President William Ruto’s government has been served a stern warning over the country’s rising debt load. Ndindi Nyoro warned President William Ruto’s government against more loans. Kiharu Member of Parliament Ndindi Nyoro sounded the fresh alarm, cautioning that the country faces a looming economic crisis if borrowing is not brought under control. Speaking at the Institute of Public Finance (IPF) stakeholders’ forum in Nairobi, Nyoro revealed that Kenya’s public debt has now hit KSh 12.4 trillion shillings.
What did Ndindi Nyoro say on Kenya’s debts? He further stated that in the last financial year alone, the government borrowed KSh 1.2 trillion, a figure he described as unsustainable. “Unless we sober up as a nation, the economy itself will eventually force us to sober up, and when that day comes, the consequences will be dire,” the legislator warned. Nyoro underscored that many large-scale development projects in the country, including roads, stadiums, and housing, are not being financed through foreign loans but by domestic revenue streams.
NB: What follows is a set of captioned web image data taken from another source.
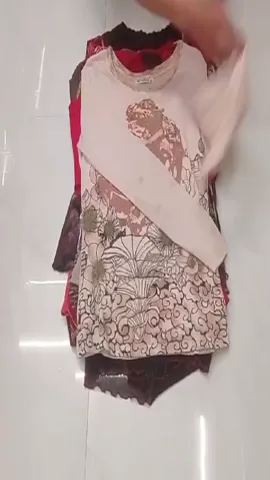 Y2K Italian Tops: 10 Pieces
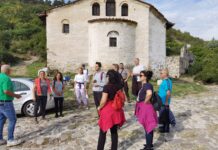 Асеновградчани почетоха Световния ден на туризма с поход до параклис „Св. Димитър“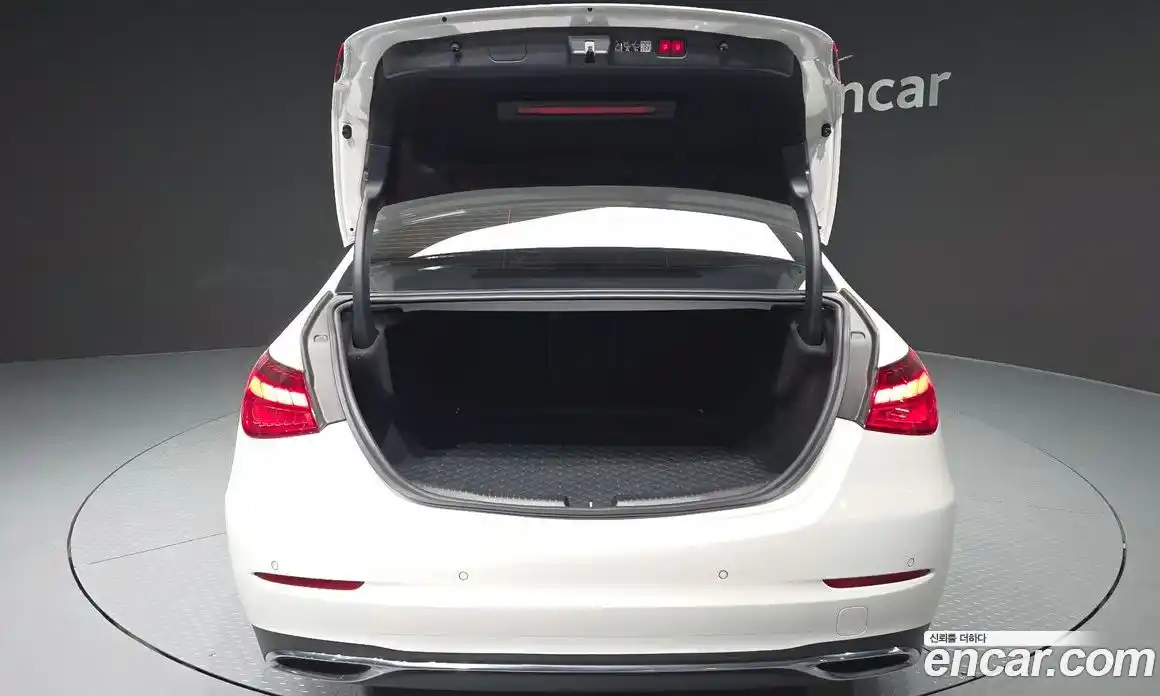 Mercedes-Benz C-Class 2024 2.0 Автомат в Москве № 623001, фото 20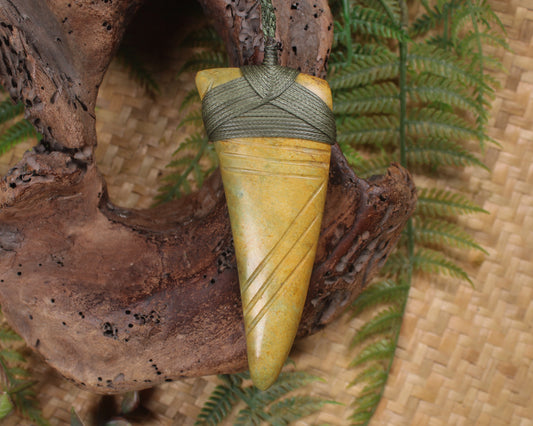 Taniwha Tooth or Niho carved from Flower Jade Pounamu - NZ Greenstone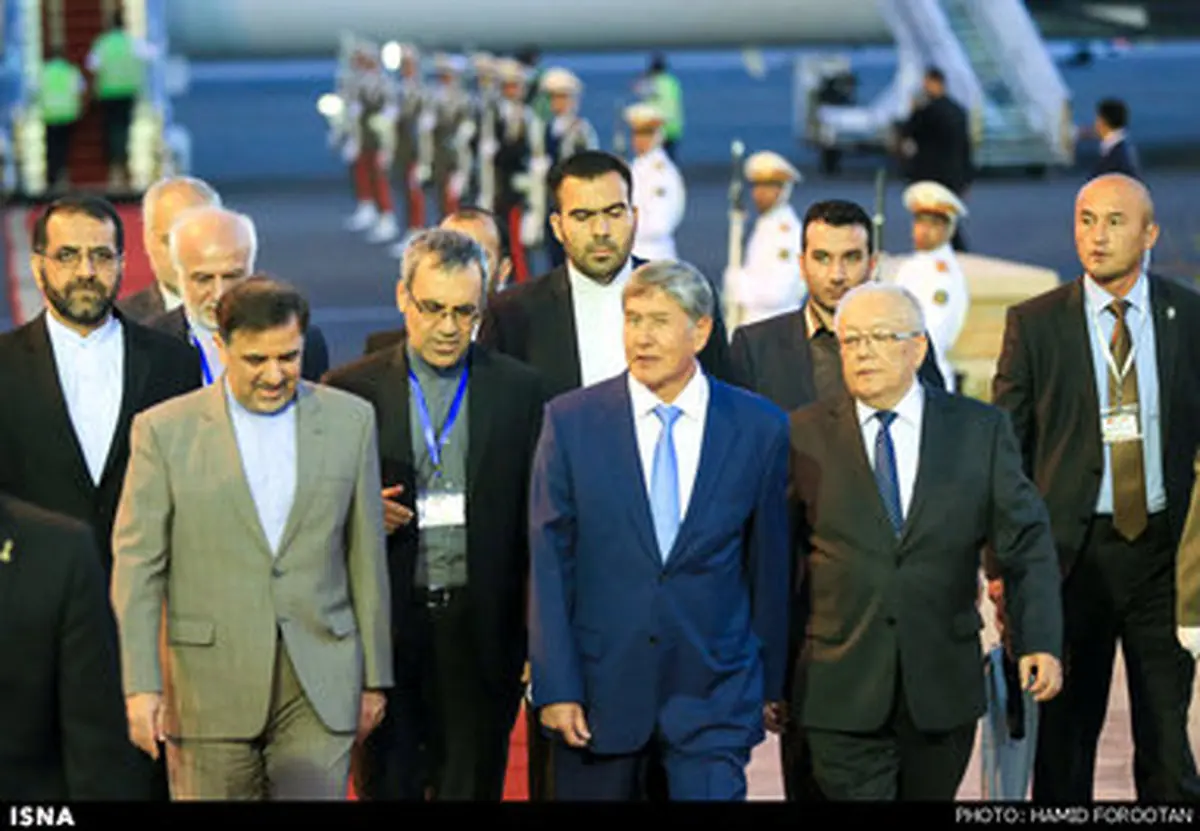 ورود رییس جمهوری قرقیزستان به تهران/تصاویر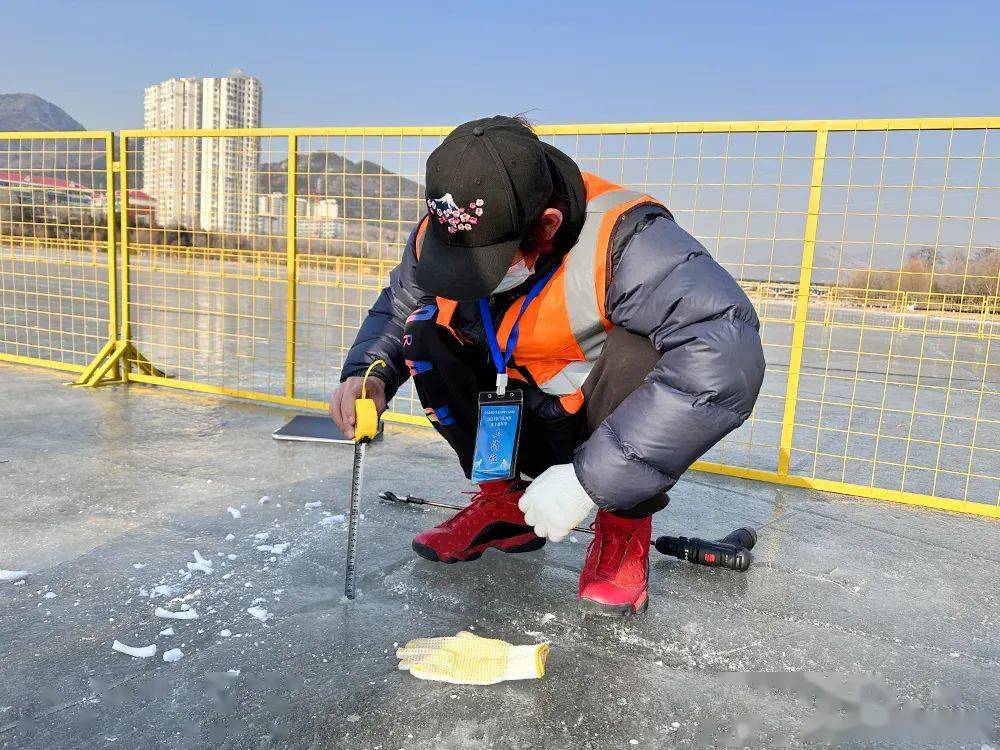 门头沟门城湖冰场已正式对外开放_市民_运动_冰雪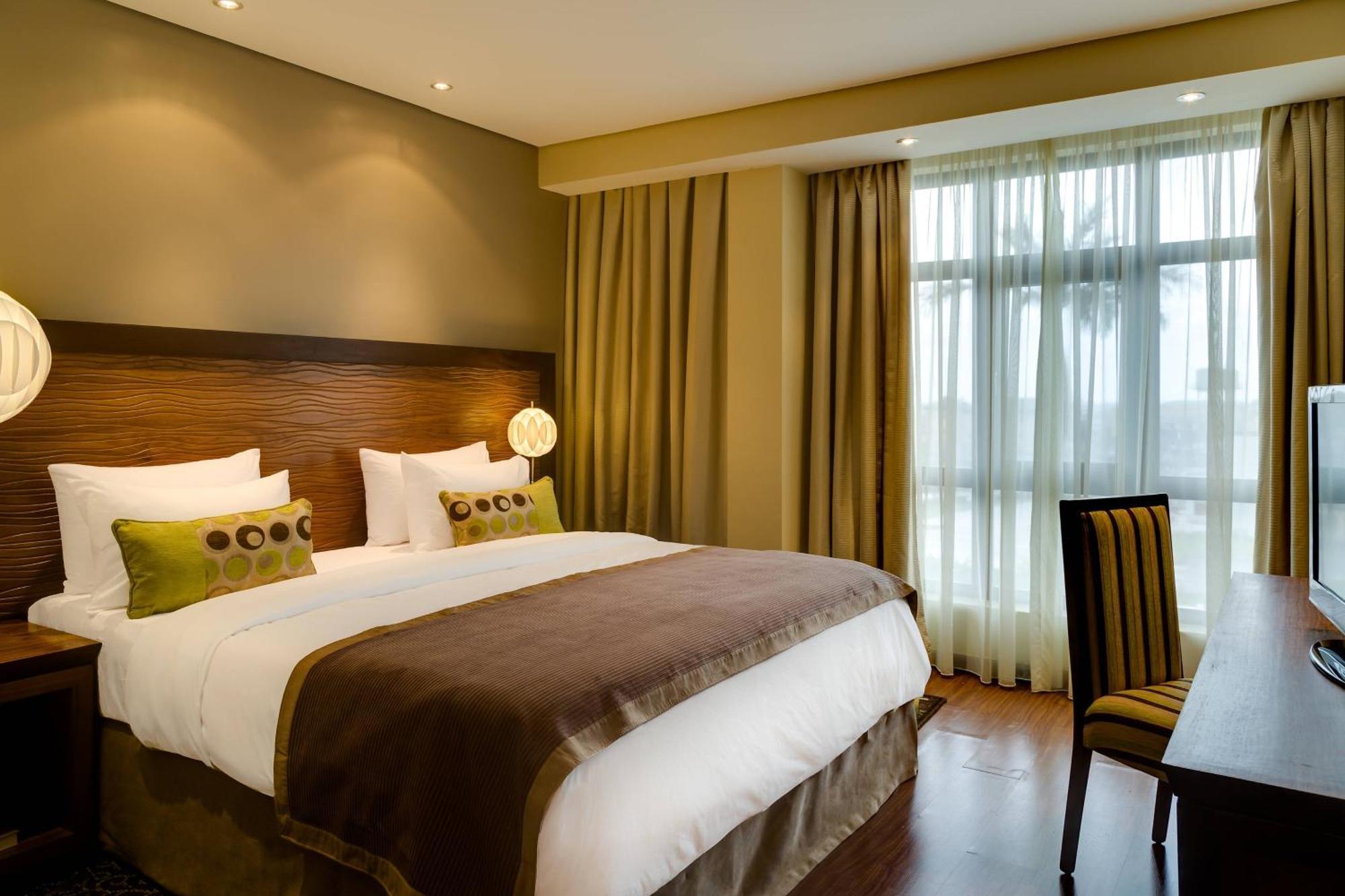 Protea Hotel By Marriott Benin City Select Emotan Exterior foto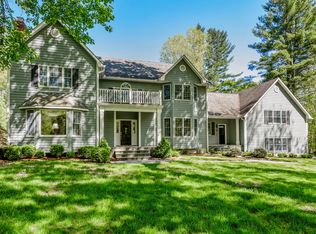 16 Adams Farm Rd, Katonah, NY 10536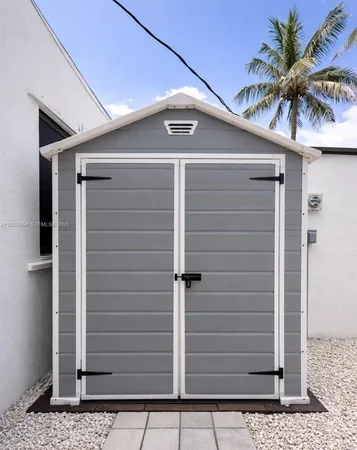 $3,100 | 581 Northwest 185th Street, Miami Gardens, FL 33169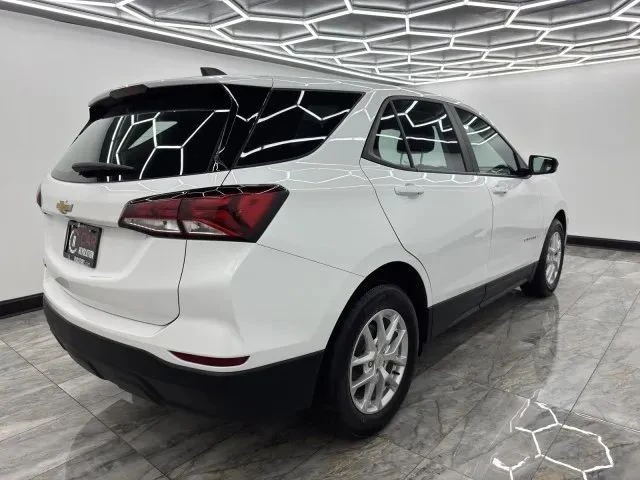 2022 Chevrolet Equinox - Image 8 of 12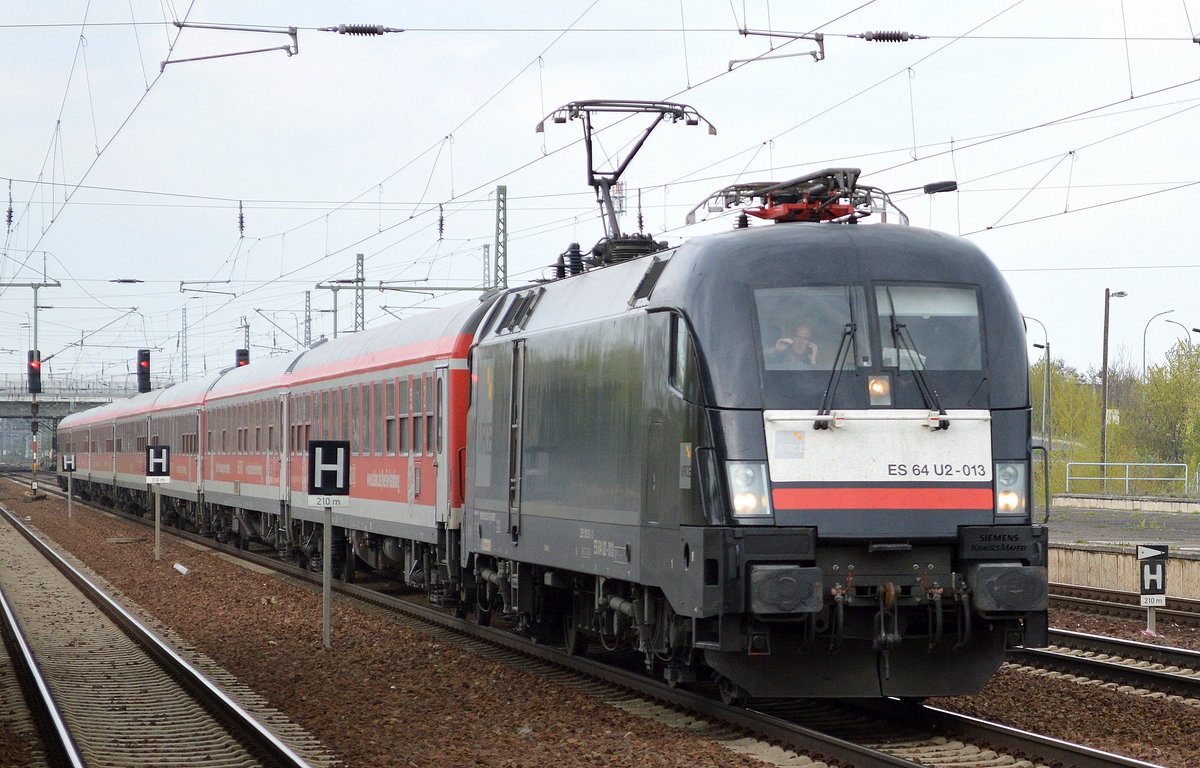 DB Regio mit dem MRCE Taurus 182 513-2/ES 64 U2-013 und der IRE Wagengarnitur Berlin-Hamburg bei der Durchfahrt BF. Flughafen Berlin-Schönefeld am 21.04.17. Viele Grüße an den Tf. !!!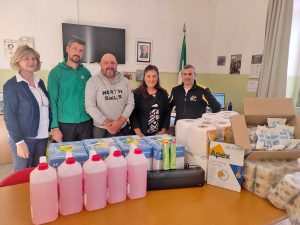 Bassano Romano - I cacciatori donano materiale alle scuole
Among them, he cited the fuel levy, which continues to shoulder much of the weight of infrastructure financing. The legislator pressed for what he termed logical and disciplined resource management, saying that Kenya can only reach its full potential as an economic powerhouse in the region if leaders stop reckless fiscal practices. What effect will tolling of Nairobi-Nakuru road have on businesses?
On infrastructure, Nyoro raised specific concerns over the proposed Nairobi–Nakuru toll road project, which is reportedly under consideration for financing through the National Social Security Fund (NSSF). He strongly opposed the plan, warning that the road tolling system would increase costs for local businesses and risk redirecting trade to neighboring countries. TUKO.co.ke reached out to Nyoro for exclusive comment, where he reiterated his stance. “That road should be built, yes, but financed through internally generated resources, not tolls that punish Kenyans and our regional partners,” he said. Ndindi Nyoro warned against the proposed tolling of the busy Nairobi-Nakuru highway.
Nyoro further criticised the escalating fuel prices and the recently introduced housing levy, claiming that such policies are not only straining households but also crippling industries, shutting down opportunities for young people, and worsening unemployment. He also accused the government of prioritising political appeasement at the expense of economic growth. “The money you see those in power dishing out every day is budgeted from Kenyans’ pockets,” he remarked. He pointed out that even during his time as Chair of the National Assembly Budget Committee, he consistently rejected such practices. Nyoro’s remarks have injected new energy into the ongoing debate about Kenya’s fiscal path.